When we decided to switch and try Novell Linux Desktop, installing it without any updates, VMware installed as well. Afterward, we updated NDL 9 and tested VMware Workstation 5; it continued to work.

We later discovered that SUSE's 9.x kernels have patches that do not come with a stock Linux kernel. Many packages relying on prebuilt modules fail. You can recompile the modules as a workaround. To recompile the modules, use:

# cd /usr/src/linux
# make cloneconfig
# make prepare
# will then find all the necessary files as if a fresh kernel had been compiled.

You also may find some confusion on the VMware site regarding which Linux distributions can operate as "guest" systems and which operate as hosts. Think of this like inviting a guest to your home. You escort them into the living room, where you sit and talk. In VMware terms, when you install VMware, you create a living room for a guest operating system.

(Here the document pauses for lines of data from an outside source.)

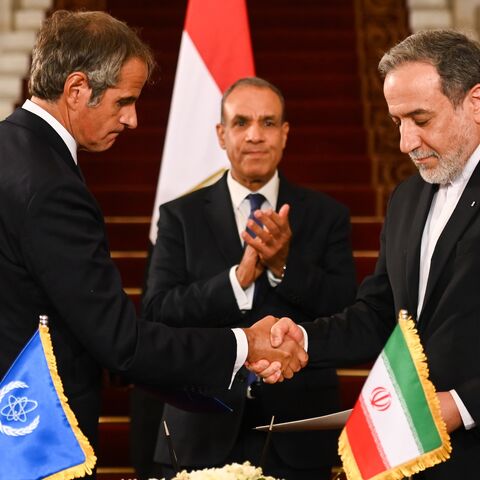 Iranian Foreign Minister Abbas Araqchi and Director-General of the International Atomic Energy Agency Rafael Grossi sign a protocol concerning Nuclear Inspections on Sept. 9, 2025, in Cairo, Egypt.
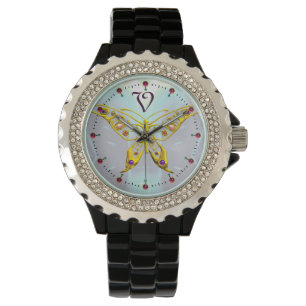 HYPER BUTTERFLY MONOGRAM, Aqua Blue Fractales Armbandsur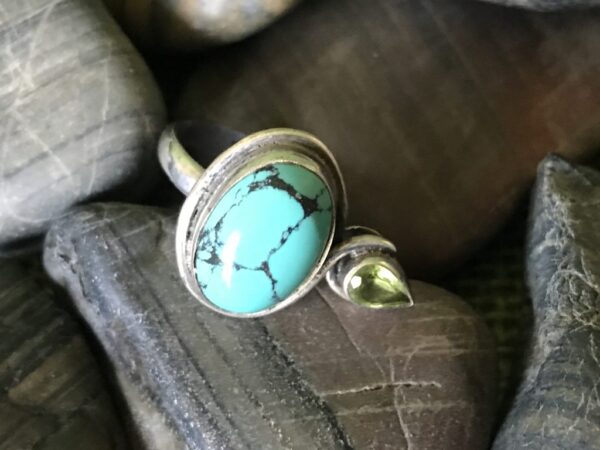Turquoise And Peridot Sterling Silver Ring, Turquoise Sterling Silver Ring, Peridot Sterling Silver Ring, Sterling Silver Ring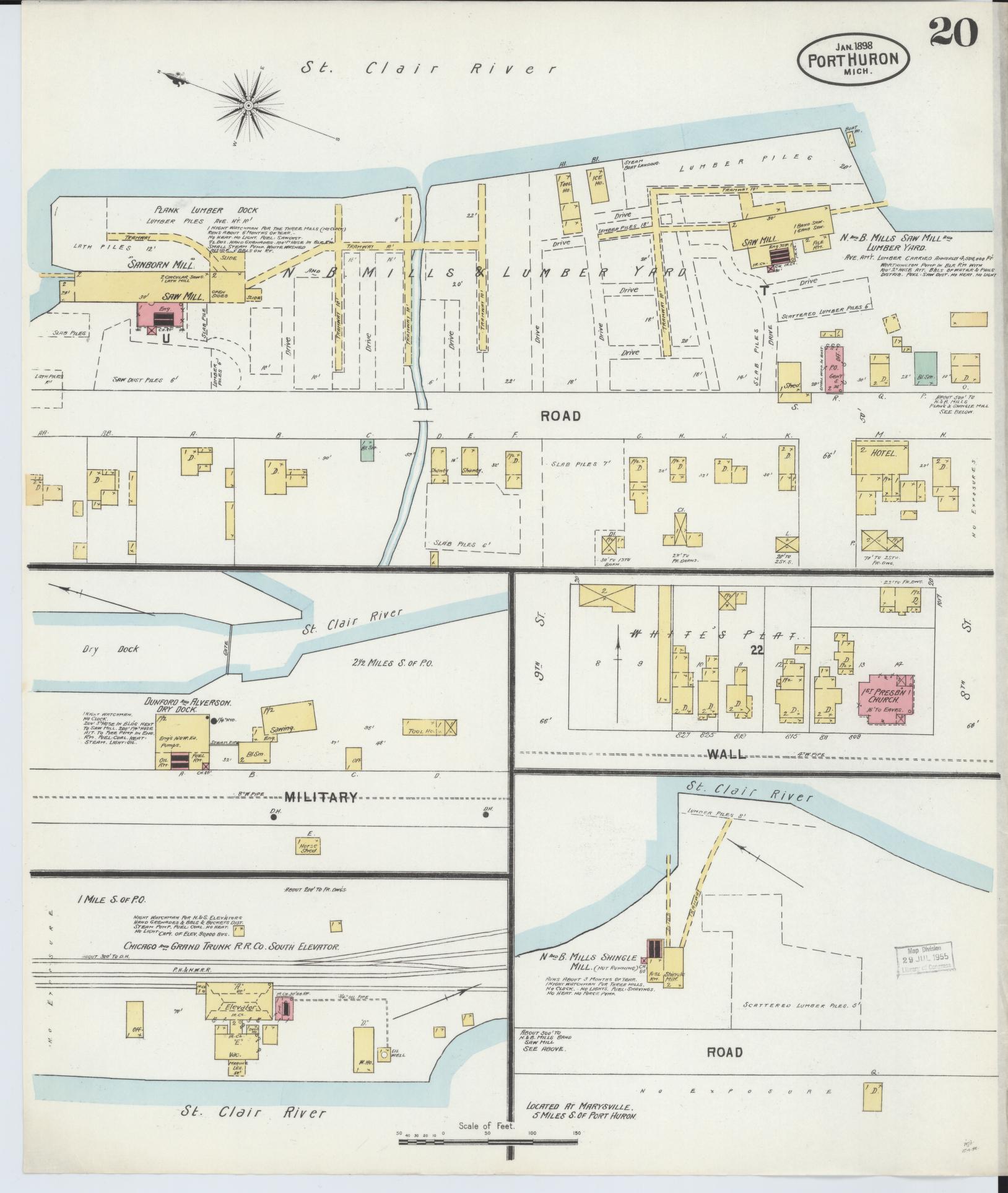 Sanborn Fire Insurance Map from Port Huron, Saint Clair County, Michigan (1898), Sheet #0020 - Complete Map Set gallery image, historic Sanborn map, vintage wall art, Michigan Michigan
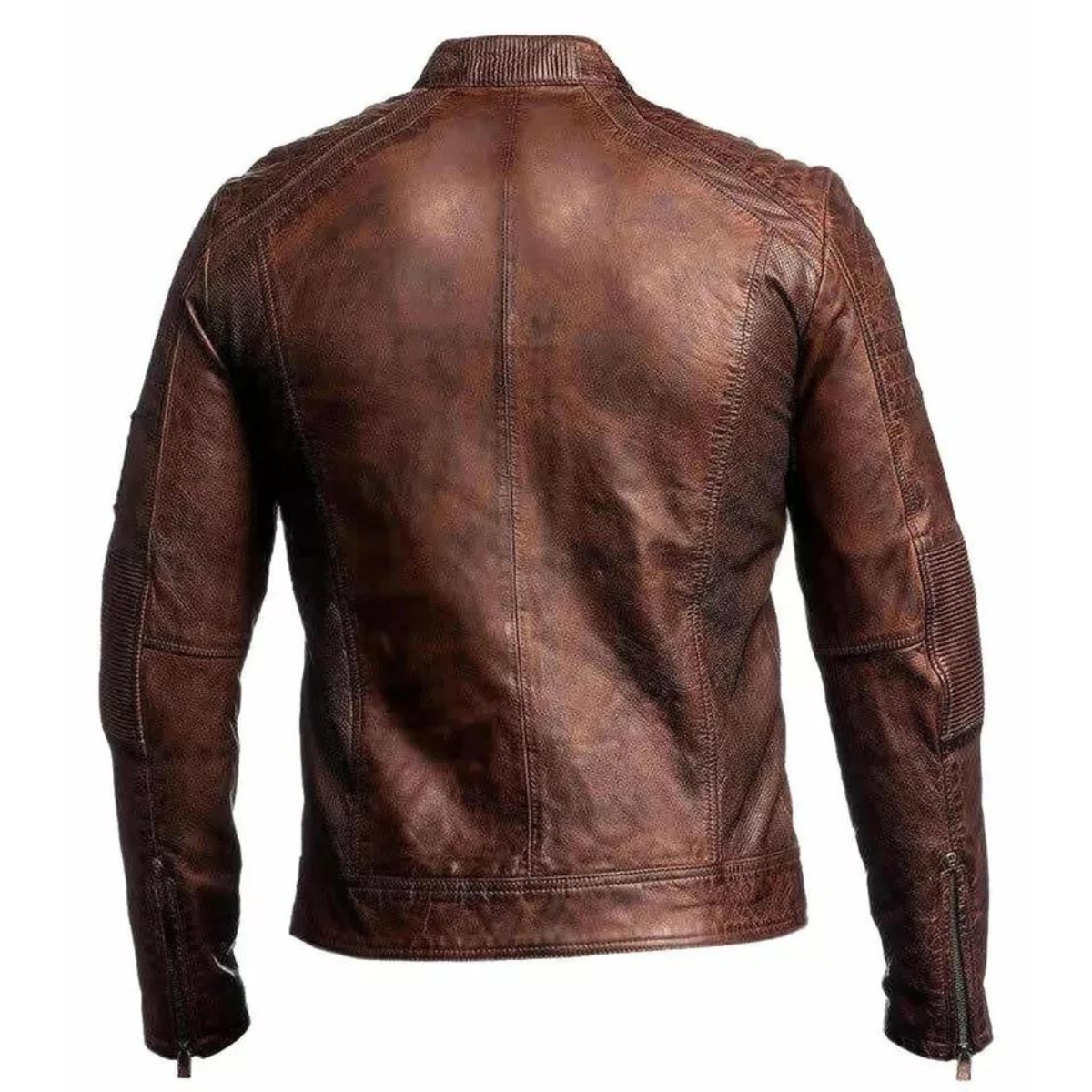 Men's Biker Vintage Antique Brown Cafe Racer Real Cowhide Jacket - Image 2
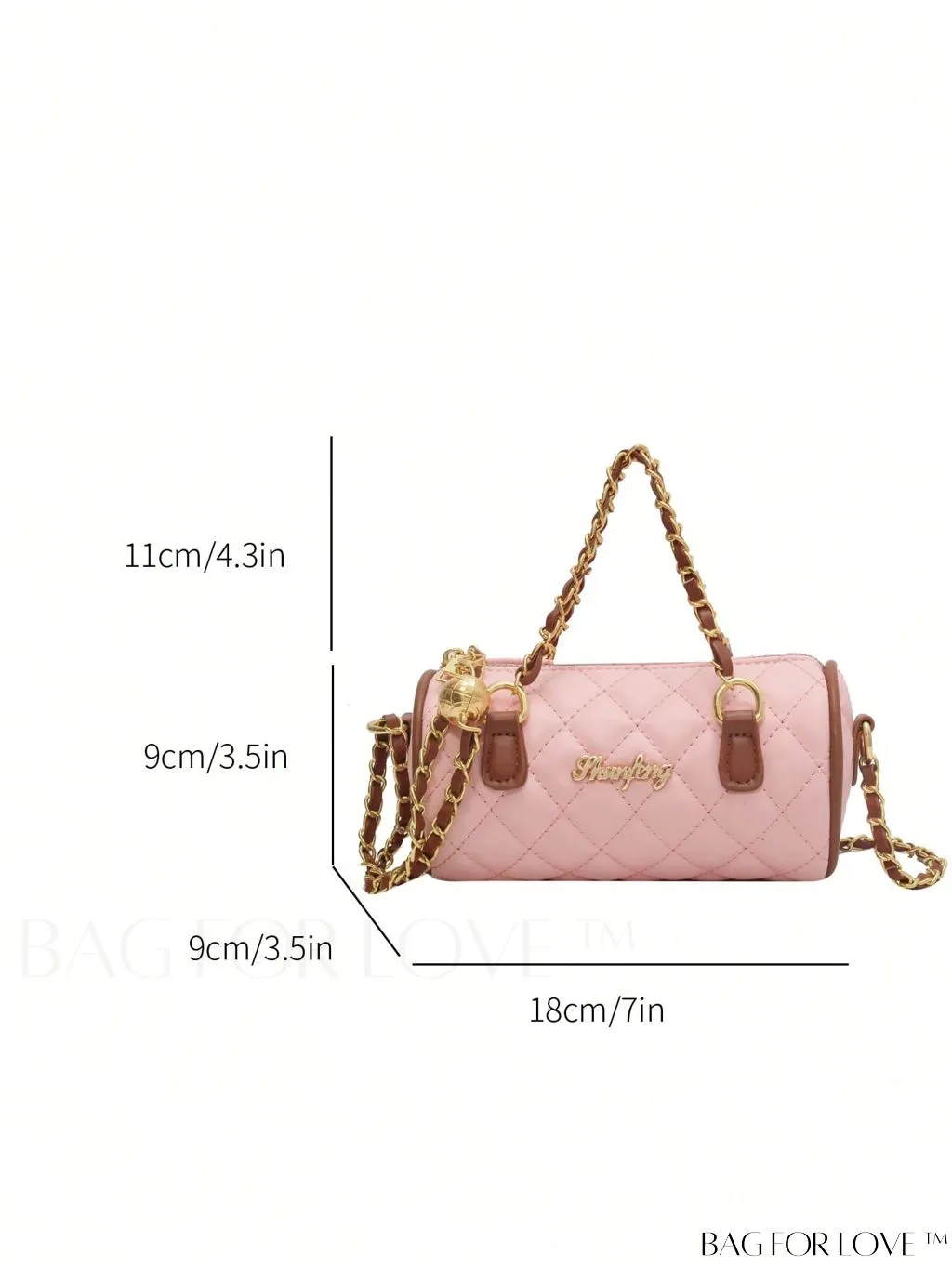 BagForLove - Compact Quilted Boston Mini Bag with Zipper Closure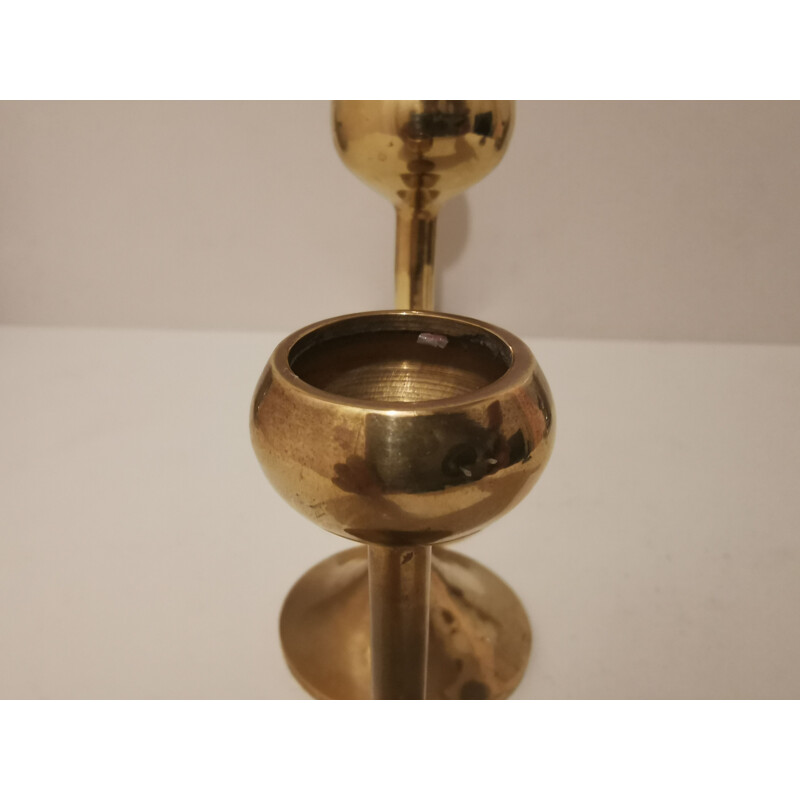 Set of 5 Scandinavian vintage brass candlesticks, 1970s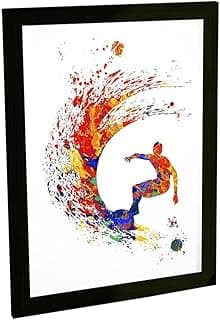 Quadro decorativo A3 com ilustração colorida de surfista em ação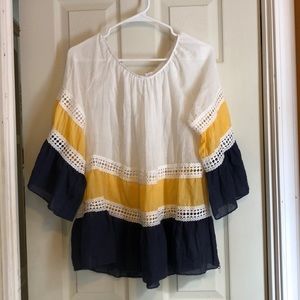 Blue, white, yellow Tunic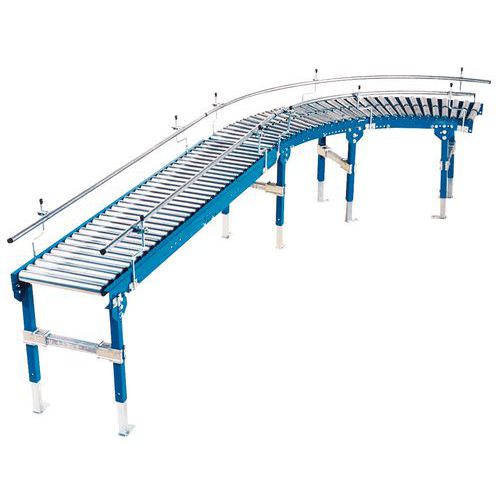 Curva de cinta transportadora gravitacional con rodillos de acero Ø mm - Somefi - Manutan.es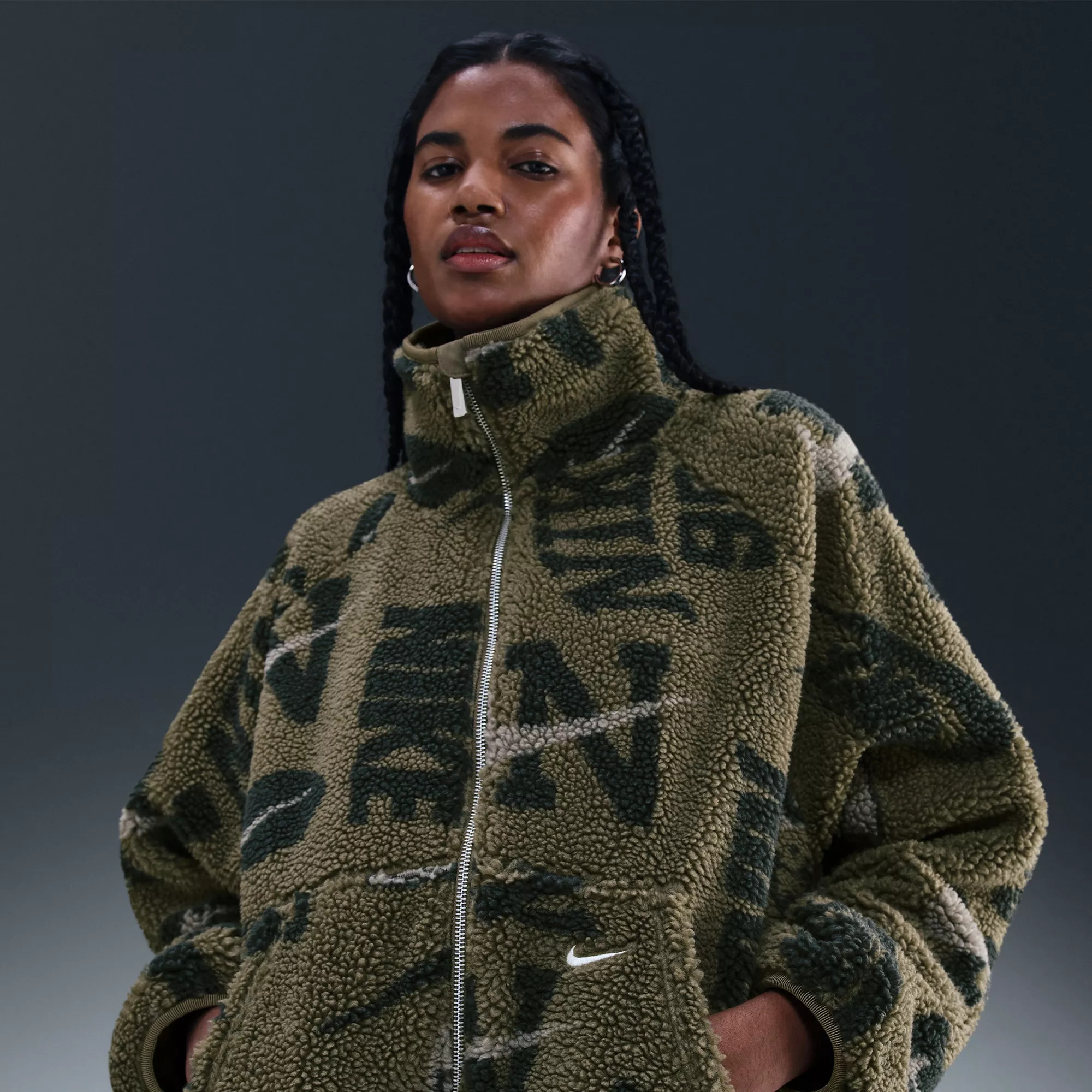 Nike Women's Sportswear High-Pile Fleece Jacket, Medium, Medium Olive/Neutral Oliv | DICK'S Sporting Goods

In this case, you are running Linux as the host system and install Microsoft Windows as a guest. If you are interested in installing other Linux distributions as guests, make sure you check with the VMware web site for supported guests (as opposed to hosts). Officially supported guest operating systems include the following:

Mandrake Linux 8.2, 9.0, 9.2, 10
Novell Linux Desktop 9
Red Hat Linux 7.0, 7.1, 7.2, 7.3, 8.0, 9.0
Red Hat Enterprise Linux AS/ES/WS 4.0 (32-bit)
Red Hat Enterprise Linux AS/ES/WS 2.1, 3.0
Red Hat Enterprise Linux Advanced Server 2.1
SUSE Linux 7.3, 8.0, 8.1, 8.2, 9.0, 9.1, 9.2
SUSE Linux Enterprise Server 7, 7 patch 2, 8, 9, 9 SP1
Turbolinux 7.0, Enterprise Server 8, Workstation 8
Sun Java Desktop System (JDS) 2

The virtual hardware of VMware 5 runs better than previous versions. With a single Pentium IV or an equivalent AMD processor and 512 MB of RAM, one should be able to run two virtual machines simultaneously. The previous versions would grind to a halt in such a scenario. VMWare Workstation 5 features

Once you get used to the novelty of seeing another familiar operating system running on your Linux system, you can start to consider the advanced capabilities of VMWare Workstation 5 that turn it into an excellent platform for system testing and group development work.

Operating system snapshots . Version 5 of VMware provides for multiple snapshots so that a user can preserve the state of a guest and revert to an older state after powering down and starting up again. You can configure a virtual machine to take a snapshot and preserve an audit trail. If you need to examine a virus, for example, you can take a snapshot before you introduce the malware. If the virus does damage, you can restore the virtual machine to the state preserved in that snapshot. The same capability can prove valuable when you're testing new code or a patch.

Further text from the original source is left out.